_The task_
Make a verbatim copy of all the records. Skip every image.

_Data excerpts_

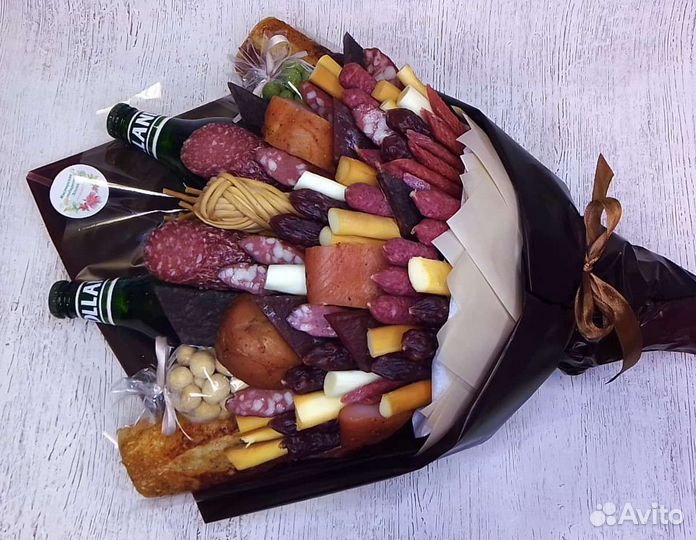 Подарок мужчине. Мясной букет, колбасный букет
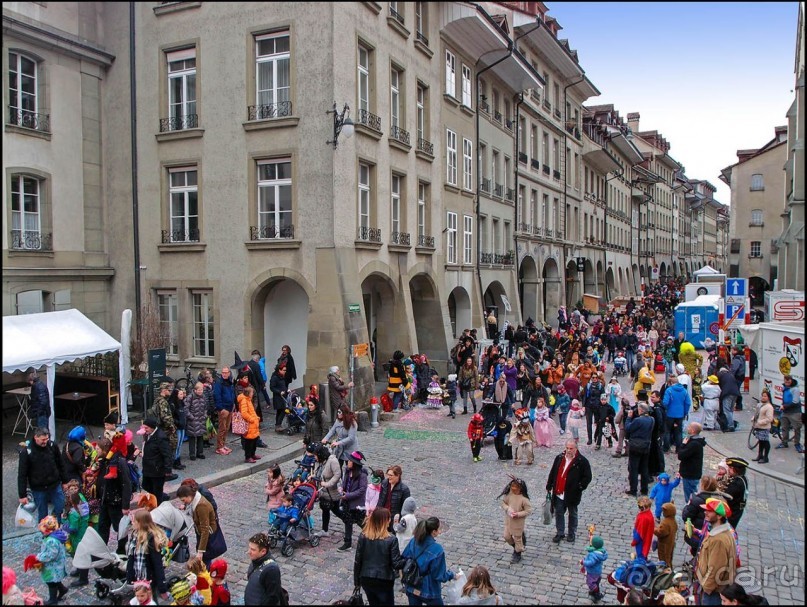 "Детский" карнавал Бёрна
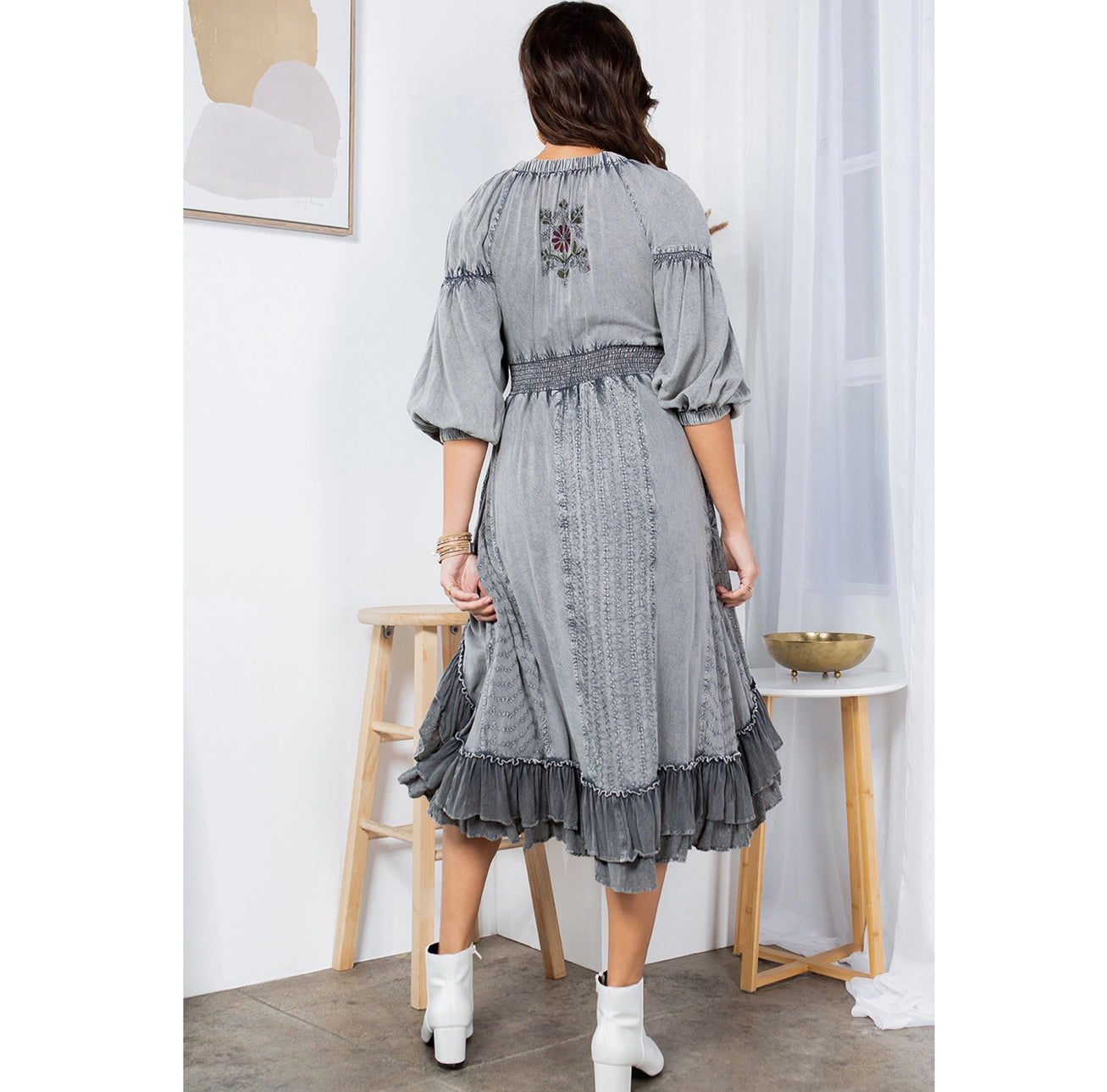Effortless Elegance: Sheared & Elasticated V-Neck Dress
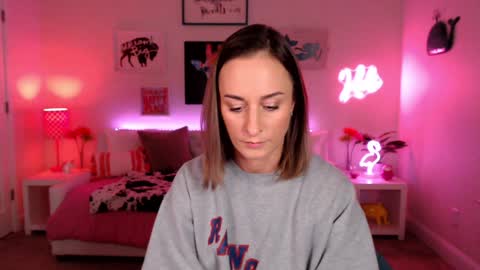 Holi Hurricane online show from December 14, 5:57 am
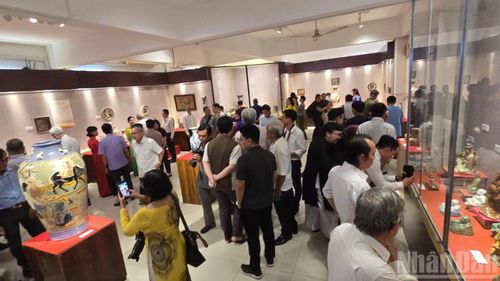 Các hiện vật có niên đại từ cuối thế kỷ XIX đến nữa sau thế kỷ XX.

_Answer section_
 Подарок мужчине. Мясной букет, колбасный букет
 "Детский" карнавал Бёрна
Effortless Elegance: Sheared & Elasticated V-Neck Dress
 Holi Hurricane online show from December 14, 5:57 am
 Các hiện vật có niên đại từ cuối thế kỷ XIX đến nữa sau thế kỷ XX.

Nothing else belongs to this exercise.